1979-1985 The Origin and The First Implementation [Full Bibliography]
The Galileo language was designed at the Department of Computer Science, University of Pisa, in the first half of the 80’s, following a period of research in several areas: semantic data models, artificial intelligence, programming languages, and after the design of preliminary languages (the ELLE language) and systems (the DIALOGO system). It was the result of several projects supported by the Italian National Research Council (CNR).
The project leader was Antonio Albano, and many people have contributed their best in bringing the Galileo language to life: Maurizio Capaccioli, Luca Cardelli, Fosca Giannotti, Bruno Magnani, Maria Eugenia Occhiuto, Renzo Orsini, Dino Pedreschi, and Maria Letizia Sabatini.
The first implementation of Galileo was made by Renzo Orsini, Eugenia Occhiuto, Fosca Giannotti, and Dino Pedreschi starting from the Unix ML Interpreter written Luca Cardelli at the Edinburgh University. The implementation was a main memory one, and it was used for object database language education and for testing new database language features in the context of a statically typed language.
1986-1997 The Language Extensions [Full Bibliography]
Since 1986, the language was extended with additional object-oriented features, in particular with mechanisms to model objects with roles and views. The result was the programming language Galileo 97.
The research project was supported in part by the Italian National Research Council (CNR) and by two ESPRIT BRAs in the area of Database Programming Languages.

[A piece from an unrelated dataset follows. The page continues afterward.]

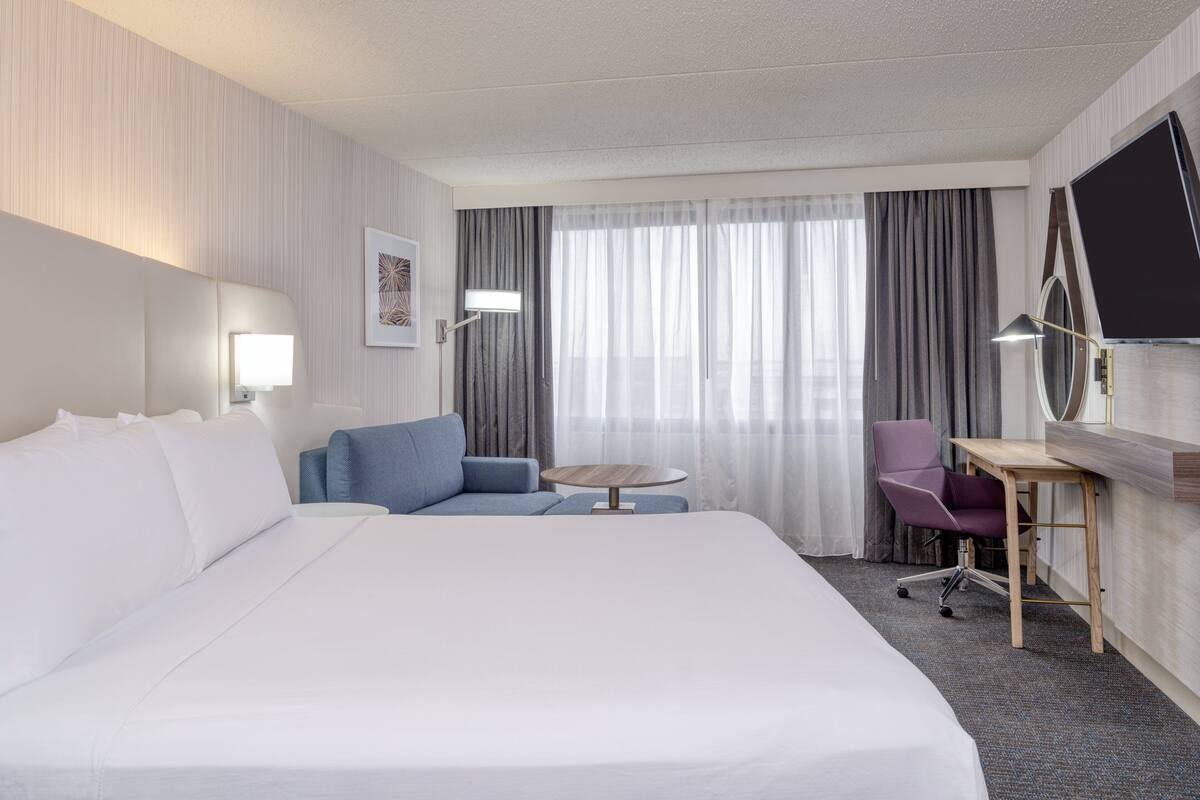 Ein Hotelzimmer mit einem großen Bett, einem Schreibtisch mit Stuhl, einem kleinen Tisch und einem Fernseher.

The project leader was Antonio Albano, and important contributions were made by a new member of the research group, Giorgio Ghelli, and by the students Giuseppe Antognoni, Roberto Bergamini, Carla Brasini, Diego Dellagiacoma, Milena Diotallevi, Luca Alfò, and Stefano Coluccini.
A new main-memory implementation of Galileo for personal computer was made by the students Milena Diotallevi and Gianluca Baratti, using the language Pascal on personal computers. The new implementation was initially simpler than the first one, but then it was extended by another student, Giuseppe Antognoni, with roles, views and polymorphism. The language has been used extensively in teaching university courses on databases.
The current distributed Galileo 97 implementation is maintained by Renzo Orsini.
The object role mechanism, together with new mechanisms to model relationships between object collections, and modules, were lately included into another object database language Fibonacci (1991-1998).